# Analytics Base Table Construction
---
Begin to explore the [SWAN-SF Dataset](https://doi.org/10.7910/DVN/EBCFKM). 


Below you will find a number of steps that you will be required to complete before you can start.

---

## Step 1: Downloading the Data
---

This assignment will only be using [Partition 1](https://dataverse.harvard.edu/api/access/datafile/:persistentId?persistentId=doi:10.7910/DVN/EBCFKM/BMXYCB), but we will be using more than one by the end of the semster. In later steps, you will need to access the uncompressed files from these partitions, so remember where you put them.

A paper describing the construction of the dataset can be found [here](https://doi.org/10.1038/s41597-020-0548-x).

---

Individual partitions of the dataset can be accessed through following links:
- [Partition 1](https://dataverse.harvard.edu/api/access/datafile/:persistentId?persistentId=doi:10.7910/DVN/EBCFKM/BMXYCB) - 1.2GB
- [Partition 2](https://dataverse.harvard.edu/api/access/datafile/:persistentId?persistentId=doi:10.7910/DVN/EBCFKM/TCRPUD) - 1.4GB
- [Partition 3](https://dataverse.harvard.edu/api/access/datafile/:persistentId?persistentId=doi:10.7910/DVN/EBCFKM/PTPGQT) - 702.1 MB
- [Partition 4](https://dataverse.harvard.edu/api/access/datafile/:persistentId?persistentId=doi:10.7910/DVN/EBCFKM/FIFLFU) - 844.4 MB
- [Partition 5](https://dataverse.harvard.edu/api/access/datafile/:persistentId?persistentId=doi:10.7910/DVN/EBCFKM/QC2C3X) - 1.2 GB

---

### Dataset Attributes:

Each file in the dataset contains the following attributes as a single variate of the multivariate timeseries (MVTS) sample. 

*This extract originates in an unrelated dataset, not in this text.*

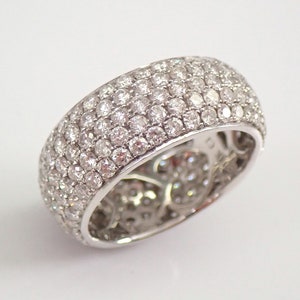 Op de afbeelding: Een brede, zilverkleurige ring die dicht bezet is met talrijke kleine, ronde, heldere edelstenen. Het oppervlak van de ring is volledig bedekt met de sprankelende stenen, wat een briljant, gestructureerd uiterlijk creëert. De ring staat tegen een effen witte achtergrond.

|              |                  |             |
|--------------|------------------|-------------|
| 1. Timestamp | 2. TOTUSJH       | 3. TOTBSQ   |	
| 4. TOTPOT	   | 5. TOTUSJZ       | 6. ABSNJZH  |	
| 7. SAVNCPP   | 8. USFLUX        | 9. TOTFZ	|
| 10. MEANPOT  | 11. EPSZ	      | 12. MEANSHR |
| 13. SHRGT45  | 14. MEANGAM      | 15. MEANGBT |
| 16. MEANGBZ  | 17. MEANGBH      | 18. MEANJZH |
| 19. TOTFY    | 20. MEANJZD      | 21. MEANALP |	
| 22. TOTFX    | 23. EPSY	      | 24. EPSX	|
| 25. R_VALUE  | 26. CRVAL1       | 27. CRLN_OBS|	
| 28. CRLT_OBS | 29. CRVAL2       | 30. HC_ANGLE|	
| 31. SPEI     | 32. LAT_MIN      | 33. LON_MIN |
| 34. LAT_MAX  | 35. LON_MAX      | 36. QUALITY |	
| 37. BFLARE   | 38. BFLARE_LABEL |	39. CFLARE  |	
| 39. CFLARE_LABEL | 40. MFLARE | 41. MFLARE_LABEL |	
| 42. XFLARE | 43. XFLARE_LABEL | 44. BFLARE_LOC |	
| 45. BFLARE_LABEL_LOC | 46. CFLARE_LOC | 47. CFLARE_LABEL_LOC |	
| 48. MFLARE_LOC | 49. MFLARE_LABEL_LOC | 50. FLARE_LOC |	
| 51. XFLARE_LABEL_LOC | 52. XR_MAX | 53. XR_QUAL |	
|54. IS_TMFI | | |

---


## Step 2: Unpacking the data
---

The partitions come in tar.gz archive files. These are easily opened on all current operating systems using the same command in the terminal.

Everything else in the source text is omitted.